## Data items
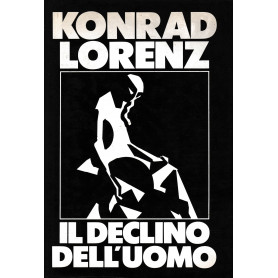 Il declino dell'uomo
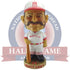 Mighty Casey Bobblehead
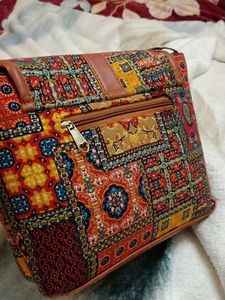 Slingbag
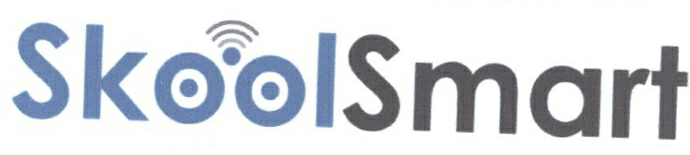 Skoolsmart Device mark 2329379 Trademark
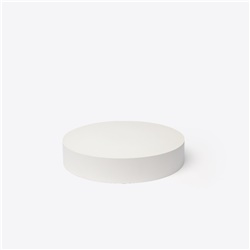 PLAFONE LED ROT 22-32W CCT SWITCH I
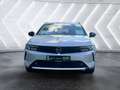 Opel Astra L ST 1.2 Turbo Enjoy 5 Jahre Garantie Gris - thumbnail 9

## WHAT IS NEEDED
Starting with the line that has "PLAFONE LED ROT 22-32W CCT SWITCH I" and ending with the last line of the records, retype every line exactly and only those lines. Do not include the pictures.

## TASK RESULT
 PLAFONE LED ROT 22-32W CCT SWITCH I
 Opel Astra L ST 1.2 Turbo Enjoy 5 Jahre Garantie Gris - thumbnail 9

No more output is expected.